If you want to be remembered, you have to do something great. Everyone knows who Mozart, Bach and Beethoven are, and everyone knows why they are remembered; everyone knows Plato, and Socrates, and Aristotle, though they may not know precisely why they stick out--these guys are several thousand years old and their works are still studied. I could go on.
As far as anyone can actually tell, the conscious is tied to the passage of time and the senses as perceived by each individual; our thoughts and feelings are a stream, one after the other, and that is who we are; I can say these thoughts are mine, but once I die, I lose the ability to recognize these thoughts are mine and the ability to recognize that I have the ability to recognize these thoughts are mine, and of course I lose the ability to have thoughts at all. If the conscious is tied to the mind and the mind perishes upon death, and if the world exists outside of our ability to sense it, then one can conclude that the world will continue on without this one eye in the galaxy to perceive its happening, and perhaps perceive this one eye posthumous too, as we perceive other eyes in our history. Where can the consciousness go without its shell to generate the stream of "me"?--if the ego is tied to this shell and the shell perishes, so does the ego. Experience depends on a vessel to experience with; no vessel, no experience.

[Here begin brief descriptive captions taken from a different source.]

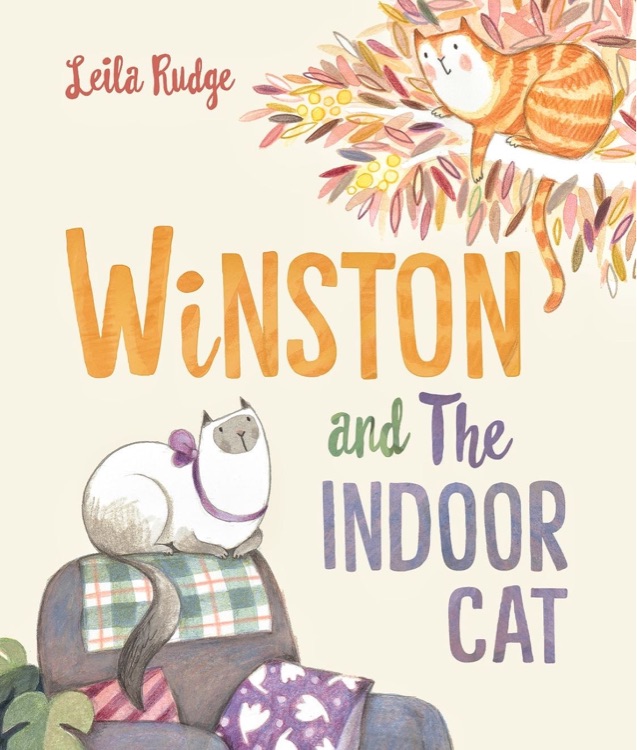 Winston and the indoor cat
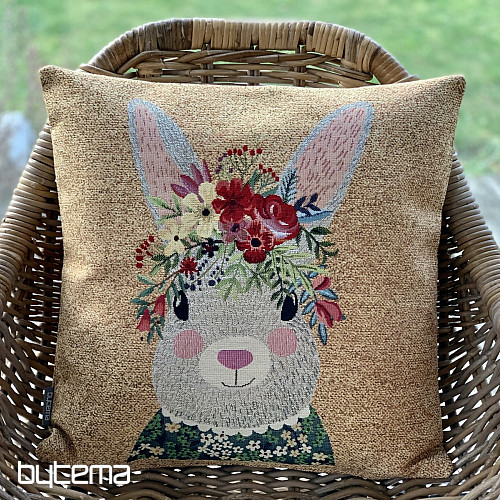 Housse de coussin tapisserie LIEVRE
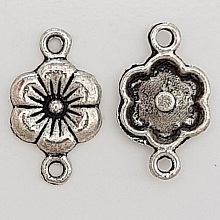 Breloque Fleur M&eacute;tal N&deg;068 Argent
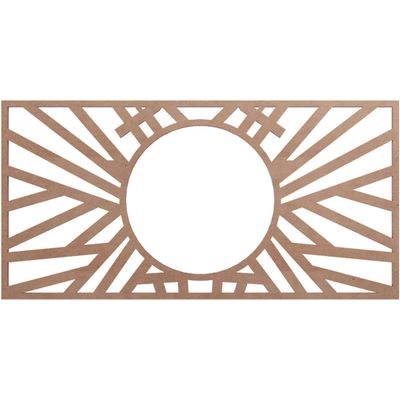 Ekena Millwork 18" W x 9" H x 6 5/8" ID x 3/8" T Hoover Wood Fretwork Pierced Ceiling Medallion, Wood (Paint Grade)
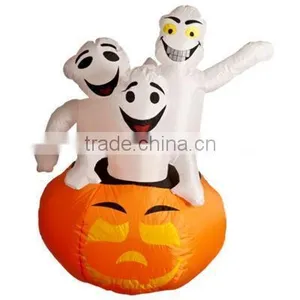 1.22m Inflatable Halloween Pumpkin With 3 Ghosts Jumping Out thumbnail-1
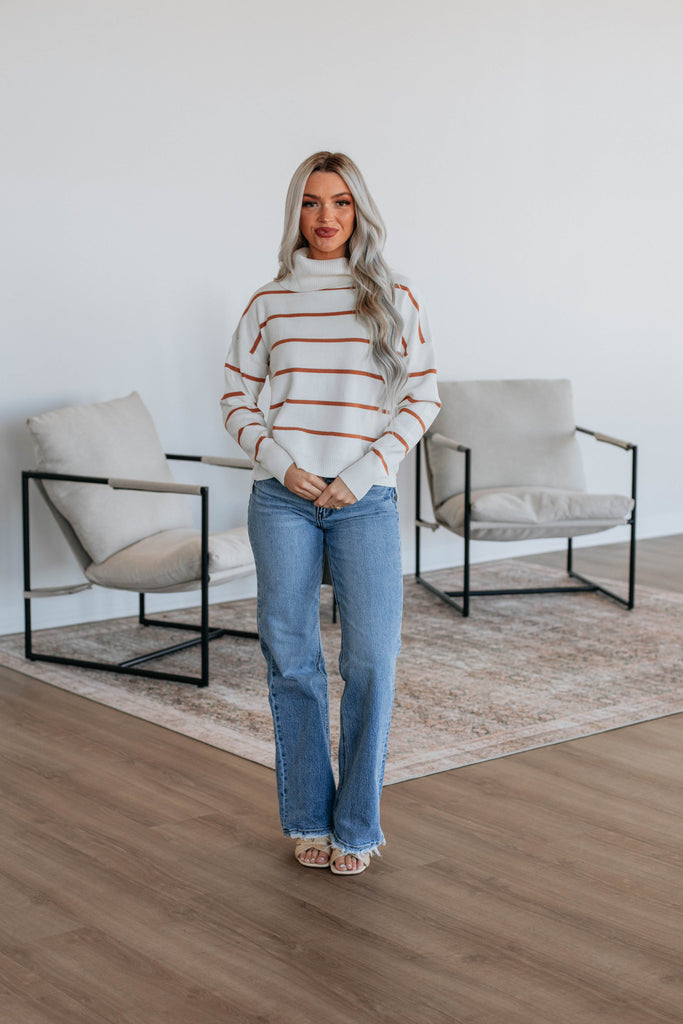 Larisa Striped Sweater - Ivory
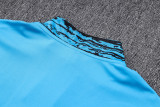 2023 Al-Nassr Blue Black Kids Half Pull Tracksuit (童装) (半拉链)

So some say there is a vessel within a vessel that is released upon death, they call this the soul. Of course there is no evidence of such a thing empirically but I suppose one could make any sort of logical argumentation that a soul is potentially existing. Some take it on the authority of holy documentation that there is a soul, but I don't think this is any such way to get closer to the truth. Some feel better knowing they will continue on after death, and take it an offense that one such as myself argues against its existence, but what can you do about that.
And then there are those who think this is all a simulation, and perhaps on death you are awakened from the simulation much like in The Matrix, but again, without empirical evidence of such a thing existing, only logical reasoning, it's not something anyone can really say for sure.
IMO you shouldn't waste life thinking you'll be going somewhere after death; the most certain thing is that you get one life and one chance to do something with it, so don't waste it writing long posts of forums contemplating the potentials of posthumous living.